Compilers and Domain-Specific Languages (DSLs)
The OmpSs-2 compiler for C and C++ languages leverages the LLVM infrastructure to generate high-performance code. We also develop Saiph, a domain-specific language (DSL) that targets the Computational Fluid Dynamics (CFD) domain. This DSL is a research vehicle to demonstrate the feasibility of DSLs on HPC systems and it leverages many of the OmpSs-2 features to run on HPC systems.
OS and Runtimes Systems
Runtime systems are a crucial component to exploit current multi-core and heterogeneous systems. Our research on runtime systems focuses on Nanos6, the reference runtime implementation of the OmpSs-2 programming model. Nanos6 provides state-of-the-art task scheduling, dependency management, monitoring infrastructure and support for accelerators such as GPUs and FPGAs. We also work with the Linux kernel to extend it to better support advanced runtime systems. Finally, we also have augmented the LLVM OpenMP runtime with low-level APIs required to support the Task-Aware (TA) libraries described below.
Interoperability with other programming models and APIs
Our Nanos6 and LLVM OpenMP runtime systems provide several features to integrate other programming models and low-level APIs with the data-flow execution model of OmpSs-2 and OpenMP tasks. On top of these low-level APIs we have developed several Task-Aware (TA) libraries that ease the orchestration of complex hybrid and heterogeneous applications. The TAMPI and TAGASPI libraries support MPI and GASPI message-passing APIs, respectively, while TA-CUDA, TA-OpenCL and TACL, leverage CUDA, OpenCL and AscendCL APIs to exploit heterogeneous systems. Finally, the TASIO library facilitates the integration of the Linux io_uring high-performance asynchronous storage API with OmpSs-2 and OpenMP.
Heterogeneous Computing
OmpSs-2 provides high-level support to develop applications on heterogeneous systems composed of multi-cores, GPUs and FPGAs. To that end, OmpSs-2 offers a high-level abstraction to leverage kernels developed with CUDA C, Xilinx HL had OpenACC. These kernels can be used as simple tasks in an OmpSs-2 program thanks to a transparent directory/cache that automatically manages all data transfers between the host and accelerators. This research line is conducted closely with the Programming Models and AccelCom groups.
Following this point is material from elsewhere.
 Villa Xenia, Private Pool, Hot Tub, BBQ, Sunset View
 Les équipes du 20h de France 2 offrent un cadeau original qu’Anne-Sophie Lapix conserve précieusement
Benchmarks, libraries and tools
The Garlic application suite comprises several mini-apps and benchmarks that represent common computational patterns found on several scientific domains. Each application is implemented using several programming models such as MPI, OpenMP and OmpSs-2. The TVM library provides optimized kernels to perform the Tensor Vector Multiply operation using the OpenMP fork-join model. Finally, the ovni instrumentation library is used to obtain detailed execution traces, facilitating the analysis and optimization of applications and programming models.